The Permian, which stretches across West Texas and southeastern New Mexico, had 115 wells completed month/month to end May at 2,216. The Eagle Ford Shale had the second largest number of DUCs, ending May at 1,040, which was 31 fewer than in April.
The Anadarko Basin, which has seen a recent spurt of activity, saw its uncompleted well count fall from April by 19 to 861. The Bakken Shale DUCs declined by 27 to end May at 636.
In the natural gas-rich Appalachia, the DUC count was down by 13 to end May at 577. One more well was completed in the gassy Haynesville Shale, with 384 still unfinished at the end of May. Meanwhile, the Niobrara formation of Colorado saw 41 wells removed from the DUC count to end May at 407 still awaiting completion.
EIA estimates DUCs by examining the difference between records of drilled wells and completed wells each month. The difference equals the net change in the inventory, or well count. In general, most DUCs are completed and begin producing within one year after they are drilled.
A small decline in the oil patch and a small gain in natural gas-directed drilling left the combined U.S. rig count unchanged at 470 for the week ended June 25, according to the latest figures from oilfield services provider Baker Hughes Co. (BKR).
There were 265 U.S. rigs running onshore and in the Gulf of Mexico combined in the year-ago period, according to the BKR numbers, which are based partly on data from Enverus. More than 100 rigs have been added domestically since the start of the year, data showed.
The number of fracture spreads also is climbing, based on data from Primary Vision. The consultant’s latest Frac Insights report issued last Friday indicated domestic well completions ended at 235 active spreads.

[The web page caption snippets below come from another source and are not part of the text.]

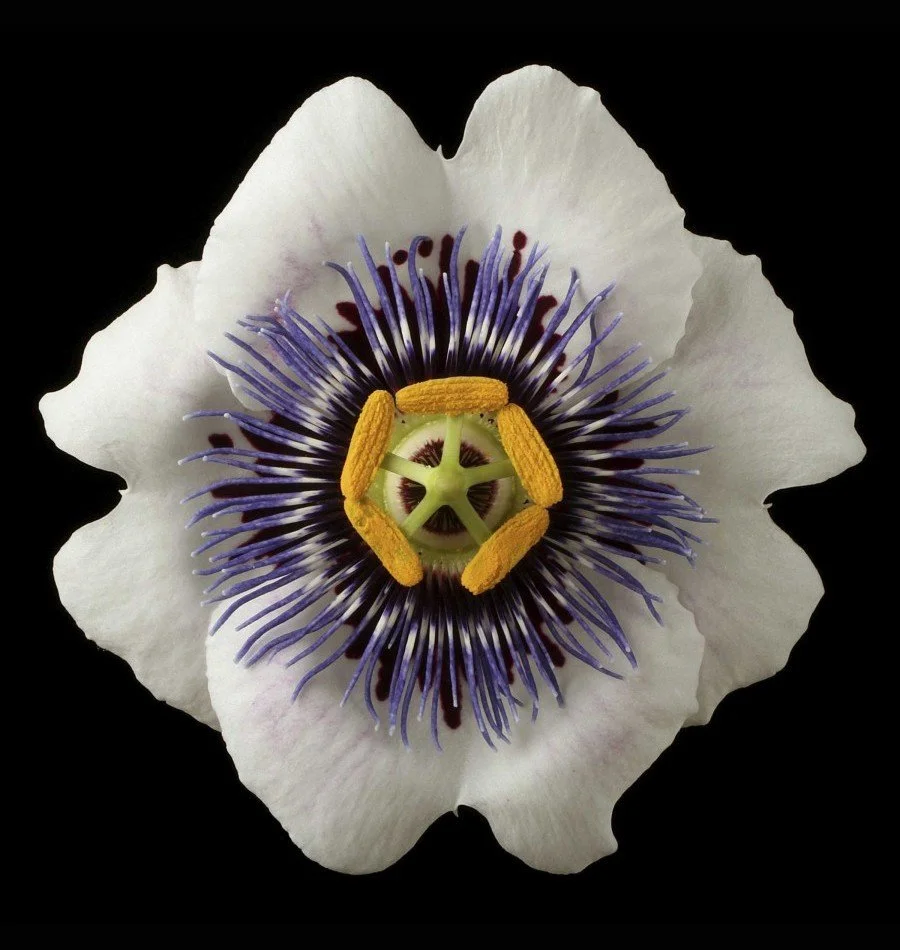 Vonflora Superflower 04.jpg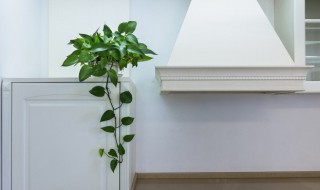 绿萝怎么长藤 让绿萝长藤的方法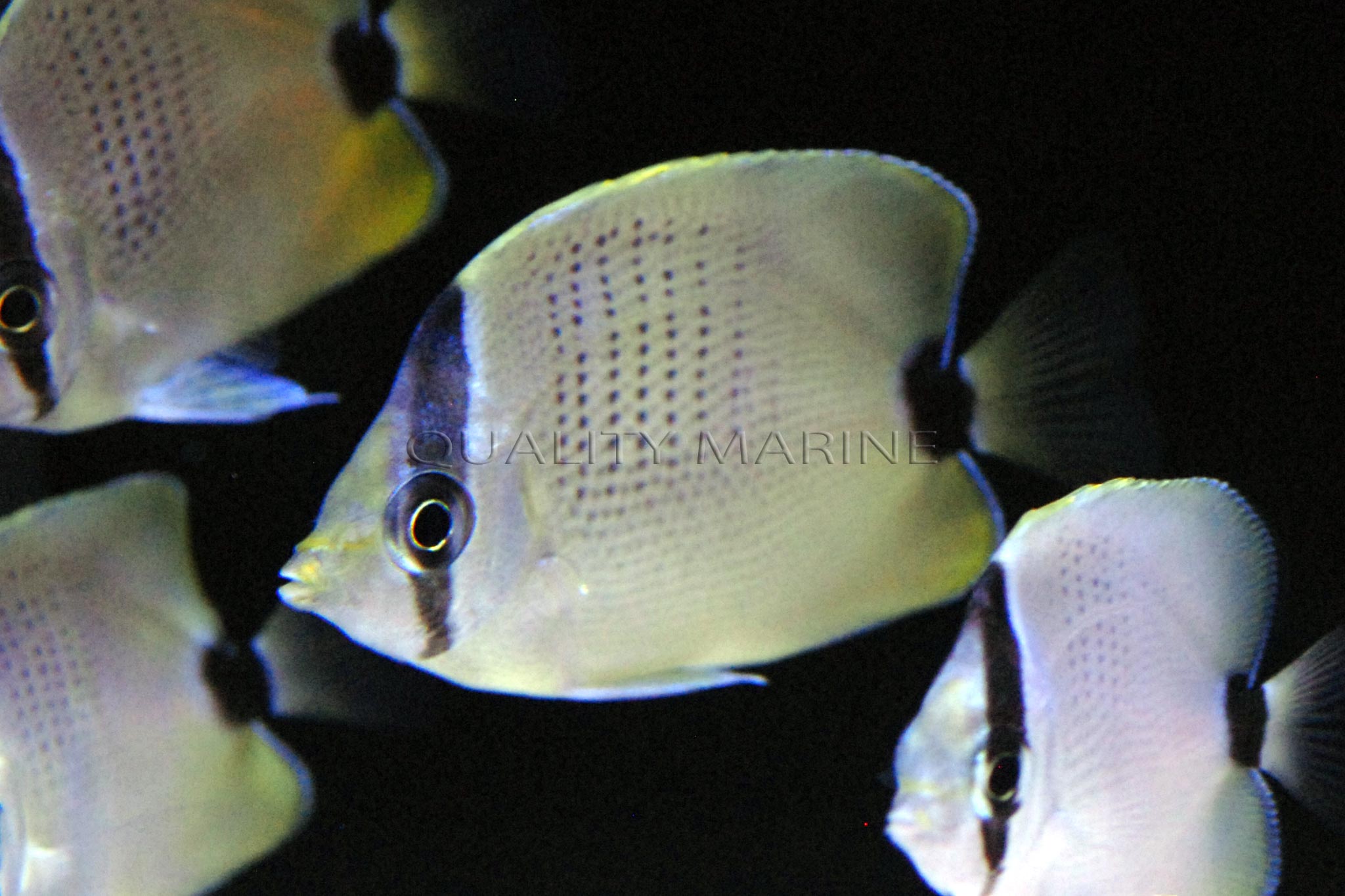 ac-lemon-miliaris-butterflyfish-6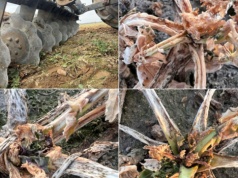 Trudne decyzje o likwidacji rzepaku. Słabe plantacje bez opłacalnej alternatywy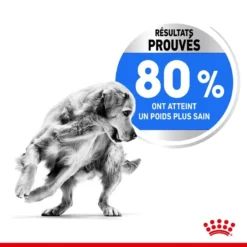 ROYAL CANIN CCN Medium Light Weight Care 3kg -Magasin De Fournitures Pour Chiens fre pl ROYAL CANIN CCN Medium Light Weight Care 3kg 10066 5
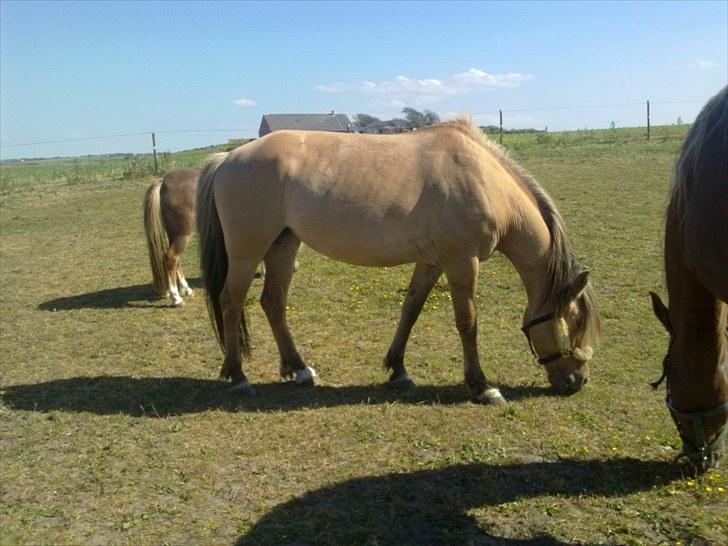 Anden særlig race Smilla billede 6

More activity is predicted in the onshore as development picks up in basins beyond the Permian, according to Prime Vision. Activity is believed to be accelerating in the Williston Basin, along the western Gulf Coast and in “some of the fringe basins”. The Anadarko “will also attract activity” as natural gas liquids pricing, exports and storage increase.
“The pace of rigs (which already has begun) will accelerate in July as DUCs are replenished or at least held constant after working through inventory over the last year or so,” Primary Vision’s team said.
“The Permian will see some additional activity over the next four-to-six weeks, but we are getting close to full utilization in the region and to bring back other spreads will require a higher price and time to repair/replace equipment and hire new labor. The trend of additions will be higher, but the pace of additions will be slower — especially when compared to rigs.”